LIBYA: Loyalists’ continued resistance surprises NATO.
NATO expressed surprise Tuesday at the determined resistance by forces defending Moammar Gadhafi’s hometown. The comments by Col. Roland Lavoie appeared aimed at pressuring the former strongman’s troops to lay down their weapons and engage in talks with the one-time rebels who now rule the country.
Instead, in places such as Sirte, Gadhafi loyalists are still fighting, even though they can no longer be resupplied after the new government’s units won control of key parts of the town’s center, Lavoie said.
Explosions and gunfire echoed through Sirte on Tuesday as revolutionary forces said they had the enemy pinned in a small area and had captured more than 20 members of Gadhafi’s tribe trying to escape.
Lavoie also said NATO has no information about the thousands of portable surface-to-air missiles that are reportedly missing in Libya.
SYRIA: Government steps up offensives.
Heavy fighting was reported Tuesday as security forces mounted an offensive in the flashpoint city of Homs, where activists said seven people were killed.
The government said “armed terrorist gangs” had staged attacks on a police station, hospital and roadway, and tried to assassinate the head of the hospital’s emergency room. Authorities confiscated heavy weapons and explosives and arrested more than 100 people, according to SANA, the official government news agency.
Activists said attacks by government security forces in Homs and surrounding areas have escalated.
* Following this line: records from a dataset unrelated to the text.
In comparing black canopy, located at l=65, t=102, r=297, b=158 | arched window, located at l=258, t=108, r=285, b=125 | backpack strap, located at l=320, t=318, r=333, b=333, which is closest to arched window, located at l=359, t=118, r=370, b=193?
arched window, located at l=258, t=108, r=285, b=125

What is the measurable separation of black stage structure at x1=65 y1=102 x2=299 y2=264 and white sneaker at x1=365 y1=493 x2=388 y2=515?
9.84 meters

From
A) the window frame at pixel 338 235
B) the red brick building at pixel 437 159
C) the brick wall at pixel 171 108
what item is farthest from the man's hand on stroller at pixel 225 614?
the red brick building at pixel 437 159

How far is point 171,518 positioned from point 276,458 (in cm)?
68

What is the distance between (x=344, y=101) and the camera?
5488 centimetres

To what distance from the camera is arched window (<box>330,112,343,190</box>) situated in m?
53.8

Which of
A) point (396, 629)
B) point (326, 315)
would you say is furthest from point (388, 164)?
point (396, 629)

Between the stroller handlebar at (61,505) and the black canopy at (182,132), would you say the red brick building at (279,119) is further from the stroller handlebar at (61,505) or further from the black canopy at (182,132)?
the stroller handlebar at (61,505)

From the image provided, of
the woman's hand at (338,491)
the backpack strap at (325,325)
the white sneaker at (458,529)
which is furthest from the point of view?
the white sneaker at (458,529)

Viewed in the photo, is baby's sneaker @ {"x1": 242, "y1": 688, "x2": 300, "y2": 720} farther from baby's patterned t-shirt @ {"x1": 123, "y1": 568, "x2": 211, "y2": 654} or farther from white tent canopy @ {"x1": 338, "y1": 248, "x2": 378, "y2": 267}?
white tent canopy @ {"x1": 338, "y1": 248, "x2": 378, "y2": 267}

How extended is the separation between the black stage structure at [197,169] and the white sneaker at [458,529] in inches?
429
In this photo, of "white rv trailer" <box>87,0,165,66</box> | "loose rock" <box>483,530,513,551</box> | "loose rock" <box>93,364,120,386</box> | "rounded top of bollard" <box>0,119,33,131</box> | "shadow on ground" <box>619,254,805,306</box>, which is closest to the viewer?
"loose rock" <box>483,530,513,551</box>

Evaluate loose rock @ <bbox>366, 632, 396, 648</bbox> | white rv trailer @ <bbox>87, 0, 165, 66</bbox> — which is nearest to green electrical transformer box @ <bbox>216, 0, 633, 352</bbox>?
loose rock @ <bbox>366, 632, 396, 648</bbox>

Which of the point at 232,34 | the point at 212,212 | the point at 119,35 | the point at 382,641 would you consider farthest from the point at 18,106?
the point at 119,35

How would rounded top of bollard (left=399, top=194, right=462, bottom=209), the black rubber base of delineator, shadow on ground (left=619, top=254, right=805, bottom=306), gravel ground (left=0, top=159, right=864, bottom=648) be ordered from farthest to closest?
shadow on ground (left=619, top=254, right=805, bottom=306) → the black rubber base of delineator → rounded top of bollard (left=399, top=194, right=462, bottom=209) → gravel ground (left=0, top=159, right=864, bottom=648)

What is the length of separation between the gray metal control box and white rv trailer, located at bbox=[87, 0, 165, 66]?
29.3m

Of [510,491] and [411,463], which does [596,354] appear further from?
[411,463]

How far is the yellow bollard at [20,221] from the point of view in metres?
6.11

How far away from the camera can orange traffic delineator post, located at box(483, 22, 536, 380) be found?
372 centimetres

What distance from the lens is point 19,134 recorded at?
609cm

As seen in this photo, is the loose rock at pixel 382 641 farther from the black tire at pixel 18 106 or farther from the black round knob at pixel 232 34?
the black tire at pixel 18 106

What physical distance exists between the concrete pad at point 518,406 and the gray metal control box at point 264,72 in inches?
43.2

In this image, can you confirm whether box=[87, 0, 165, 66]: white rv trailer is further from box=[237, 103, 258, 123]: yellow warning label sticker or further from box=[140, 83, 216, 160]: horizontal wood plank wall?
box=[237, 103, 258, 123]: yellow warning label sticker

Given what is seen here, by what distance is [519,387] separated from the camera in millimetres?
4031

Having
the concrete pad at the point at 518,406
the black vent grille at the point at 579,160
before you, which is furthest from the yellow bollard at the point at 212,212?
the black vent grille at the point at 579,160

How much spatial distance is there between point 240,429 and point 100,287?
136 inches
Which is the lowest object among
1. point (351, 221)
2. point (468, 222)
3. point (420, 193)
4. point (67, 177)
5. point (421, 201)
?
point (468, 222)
UNITED STATES: Arab nations’ transition difficult, Clinton says.
Secretary of State Hillary Rodham Clinton said the Arab Spring has entered the difficult and uncharted territory between dictatorship and democracy. She said it may take time for the U.S. to help pressure longtime leaders out of power in Syria and Yemen and to ensure chaos is averted in Egypt.
In an interview Tuesday, Clinton said foes of Syrian President Bashar Assad’s regime had “a lot of work” left to becoming a truly national opposition movement. And she said Yemen President Ali Abdullah Saleh’s refusal to give up power is making that country’s situation difficult.